• _Given information_
::::
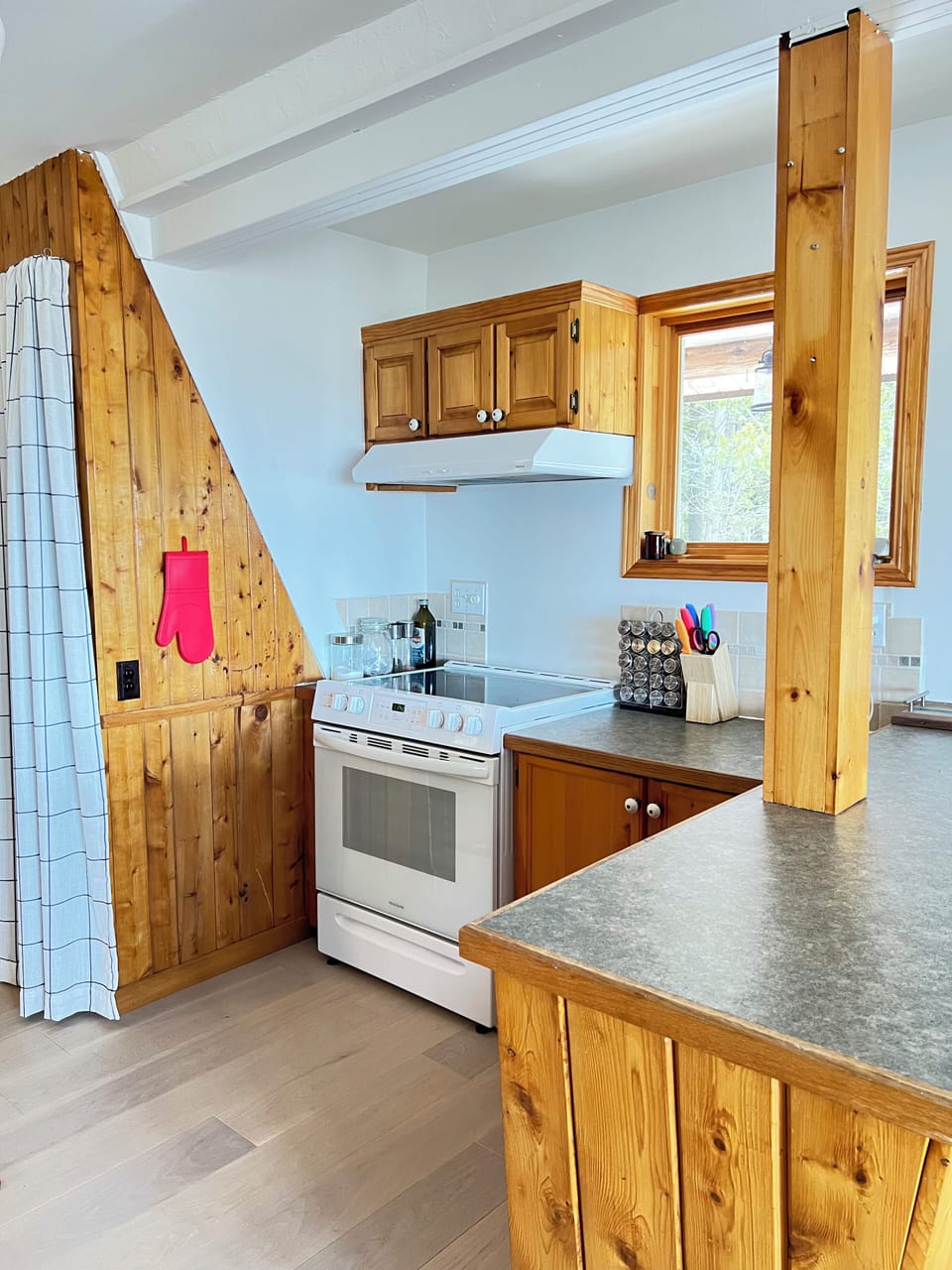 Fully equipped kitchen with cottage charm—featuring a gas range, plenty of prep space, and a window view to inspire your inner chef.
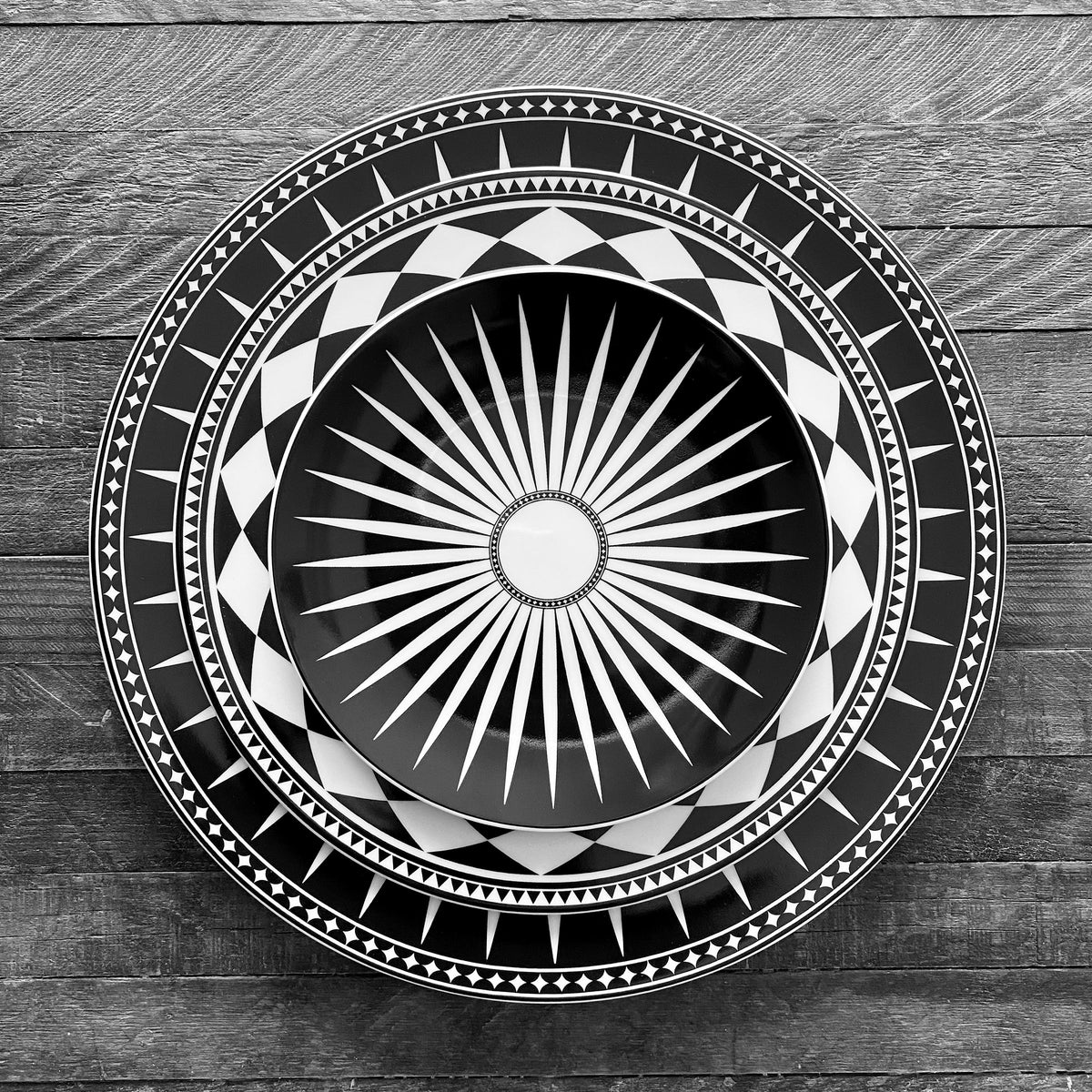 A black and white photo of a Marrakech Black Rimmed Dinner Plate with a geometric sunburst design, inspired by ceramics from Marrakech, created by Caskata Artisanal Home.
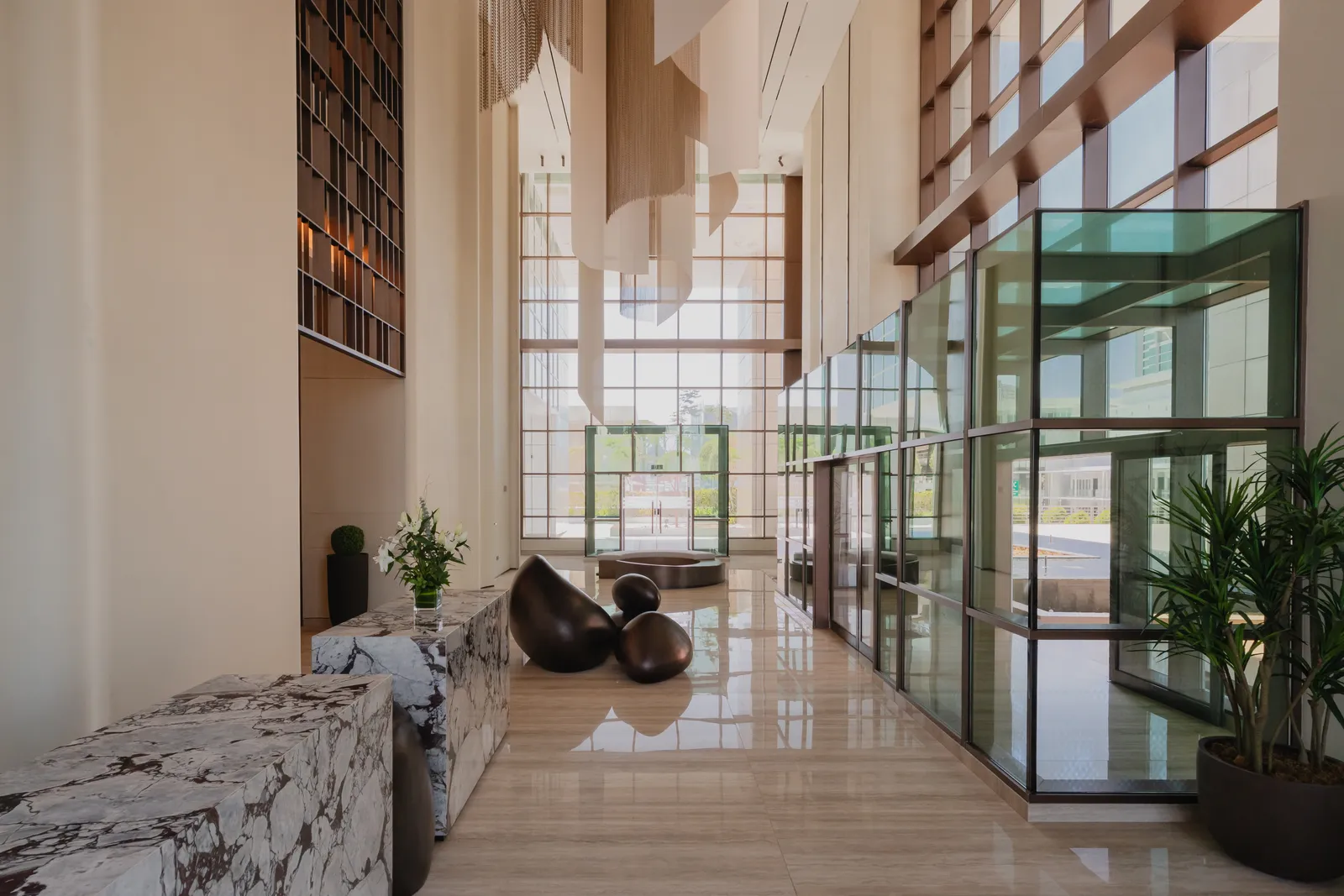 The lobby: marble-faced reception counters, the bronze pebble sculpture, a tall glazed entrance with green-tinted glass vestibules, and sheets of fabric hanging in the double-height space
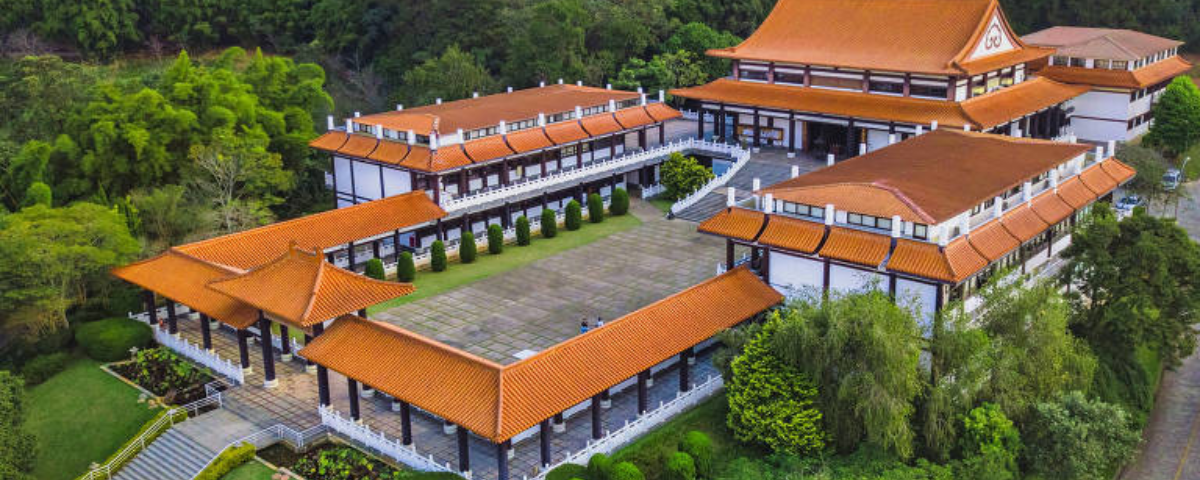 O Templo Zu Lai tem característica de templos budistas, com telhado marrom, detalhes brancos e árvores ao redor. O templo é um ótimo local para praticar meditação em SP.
::::
• _Work to complete_
Please copy the lines above exactly as written, apart from any pictures.

• _Exercise output_
 Fully equipped kitchen with cottage charm—featuring a gas range, plenty of prep space, and a window view to inspire your inner chef.
 A black and white photo of a Marrakech Black Rimmed Dinner Plate with a geometric sunburst design, inspired by ceramics from Marrakech, created by Caskata Artisanal Home.
 The lobby: marble-faced reception counters, the bronze pebble sculpture, a tall glazed entrance with green-tinted glass vestibules, and sheets of fabric hanging in the double-height space
 O Templo Zu Lai tem característica de templos budistas, com telhado marrom, detalhes brancos e árvores ao redor. O templo é um ótimo local para praticar meditação em SP.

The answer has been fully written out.